In un dibattito, ci si ascolta

Da diversi anni, parlando dei cambiamenti introdotti dall’uso di internet nelle vite di tutti, penso che ci sia un problema di mancata comunicazione tra chi ne parla e scrive, e tra le reciproche esperienze (“Sono vent’anni che lo dico!”: sto diventando Cacciari). Persone che si sentono vittime di quei cambiamenti, o che ne vedono alcuni pericoli, e persone che ne beneficiano e ne conoscono le opportunità, non si parlano e non scambiano i rispettivi punti di vista e le rispettive competenze: col risultato che ognuno colloca gli interlocutori dentro uno stereotipo banale di “luddista ignorante della Rete” o di “fanatico fautore dell’anarchia online”. Capire le ragioni degli uni e degli altri – che ci sono, anche quando convivono con ignoranze – e moderare quelle reciproche ignoranze, sarebbe l’unico percorso che porta da qualche parte, ma è poco battuto: la maggior parte dei confronti si risolve – vi meraviglia? – in una competizione a chi la sa più lunga e più irride l’opinione avversa.
Quindi mi pare una buona cosa che Michele Serra abbia, in un suo articolo di domenica, messo al centro della riflessione – su una questione che riguarda internet – i pareri e le obiezioni che riceve da “chi ne sa di più” e li abbia valutati e soppesati, indipendentemente dalle sue conclusioni.
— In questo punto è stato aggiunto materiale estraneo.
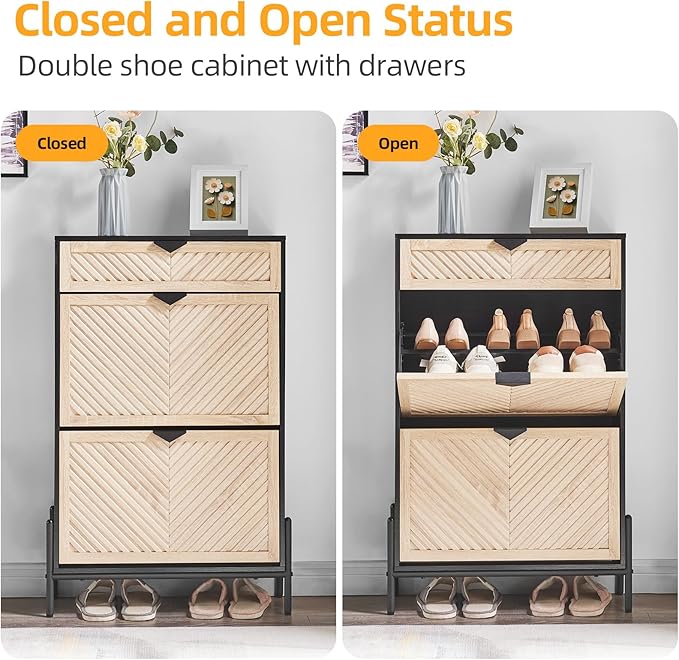 Shoe Cabinet Storage with 2 Flip Drawers, Narrow Hidden Shoes Organizer Cabinet for Entryway, Freestanding Slim Shoe Rack Front Door Entrance(Oak&Black)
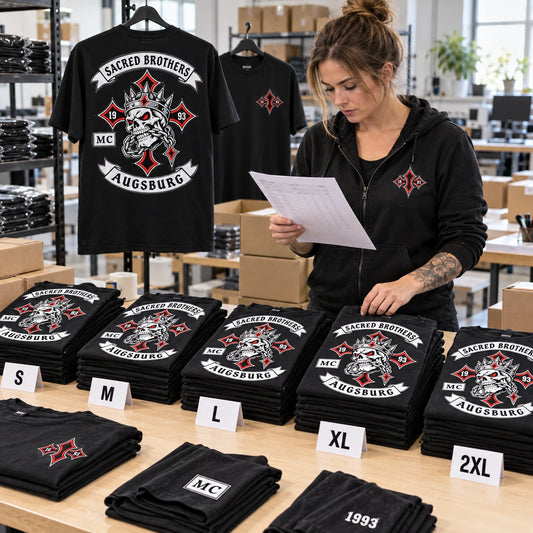 Sacred Brothers Augsburg motorcycle club T-shirts sorted into mixed sizes for a coordinated group order at a professional packing station.
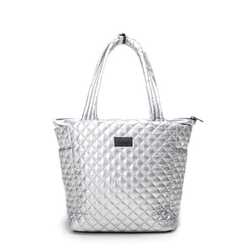 Vooray Naomi Tote Bag Quilted Silver Standard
Ti fanno, poi, se ti lamenti troppo di ritrovarti laddove non sapevi di essere e dove non vuoi essere, una seconda obiezione. Meno politica e più “tecnologica”, e dunque molto insidiosa in un ambito così tecnologico. Quando ebbi a lamentarmi sulla prima pagina di Repubblica dei miei indesiderati “avatar”, giovani lettori e internauti e blogger mi hanno scritto lettere anche severe ma senz’altro utili. Li ringrazio in blocco per avermi insegnato più di una cosa su come funziona il “loro” mondo. Ma già definendolo “loro”, quel mondo, comincio a impostare la mia replica. L’imputazione a mio carico, infatti, è “non conoscere abbastanza i social network”, non capire come funzionano, non saperli usare. Come riprova, mi spiegano che la pagina Facebook “Michele Serra” da me contestata non era, in realtà, un vero e proprio fake, o meglio era un fake veniale: una pagina di discussione aperta a mio nome da un amministratore (che poi non la amministrava affatto, ma questo è un altro argomento), come poteva capire chiunque leggendo la dicitura “pagina non ufficiale”.
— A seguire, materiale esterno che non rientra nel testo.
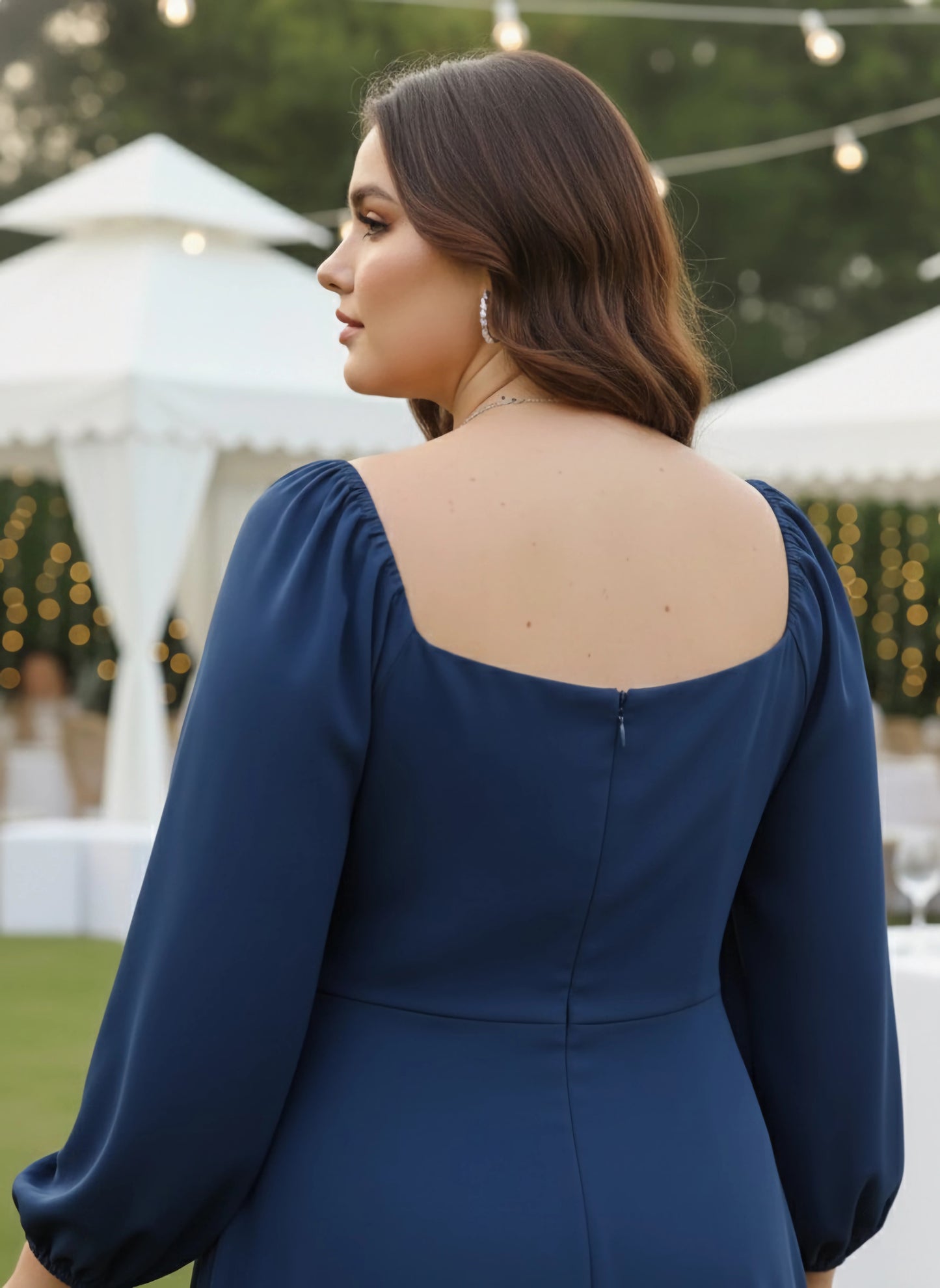 Berrylush Women Plus Size Solid Blue Square Neck Crepe Zipper-Up Thigh-High Slit Fit & Flare Maxi Dress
In replica ho da dire due cose. La prima: il mio grado di conoscenza del web (come, suppongo, quello di Camilleri e di altri non nativi digitali per ragioni anagrafiche) discende dall’uso che decido di farne. Cerco informazioni e notizie, navigo, consulto, scrivo, leggo. Ma non uso i social network. Perché dovrei estendere la mia conoscenza anche al funzionamento e al linguaggio dei social network, dal momento che NON è un mondo nel quale abito? Non è forse leggermente totalitario (è la seconda volta che uso questo termine) supporre che tutti debbano non solo usare il web, ma abitarci, impararne la lingua, perché il solo modo per difendersi dai pericoli del web è entrarci dentro mani e piedi e presidiare la propria posizione pre-assegnata? (da chi? da Dio? dal destino?). Allo stesso modo, non è agghiacciante che il suggerimento univoco che amici espertissimi mi diedero, mesi fa, è «apri la tua pagina Facebook, apri il tuo account su Twitter, è l’unico modo che hai per difenderti»? Ripeto quanto scrissi allora: sono, i social network, l’unico e il primo club nella storia dell’umanità al quale iscriversi è obbligatorio?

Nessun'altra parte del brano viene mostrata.